- What the task asks -
Starting at the line that contains "호텔 Restaurante Abadesa 2*", retype each line to the end of the listing below. Include both ends, but not the pictures.
**** Provided data
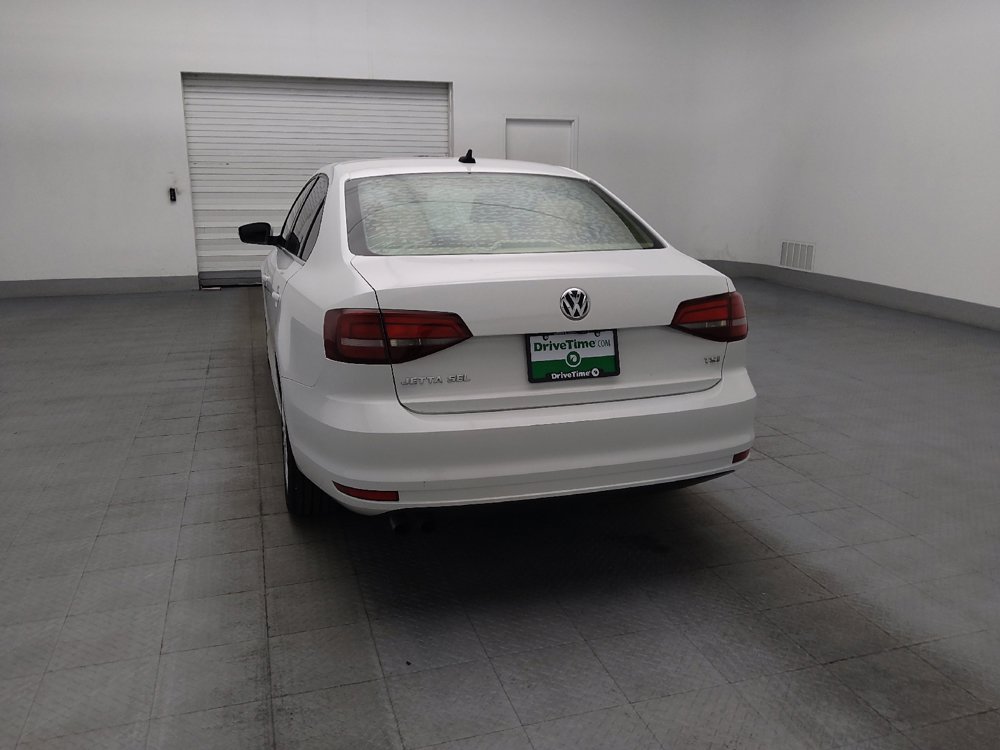Used 2016 Volkswagen Jetta SEL w/ Lighting Package FWD image 6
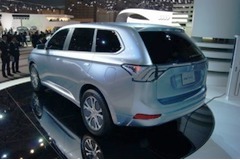Mitsubishi resumes plug-in hybrid production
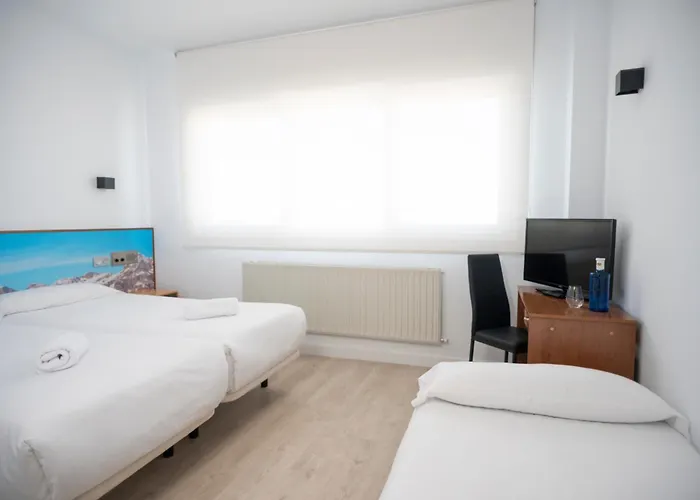 호텔 Restaurante Abadesa 2*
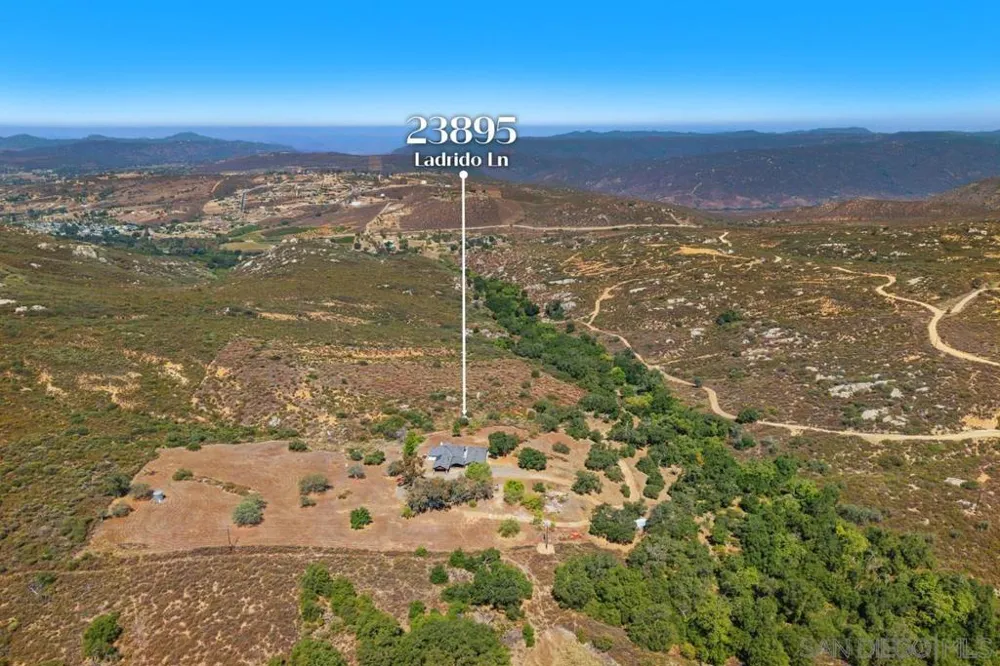 23895 Ladrido Ramona, CA 92065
********
- Response to this task -
 호텔 Restaurante Abadesa 2*
 23895 Ladrido Ramona, CA 92065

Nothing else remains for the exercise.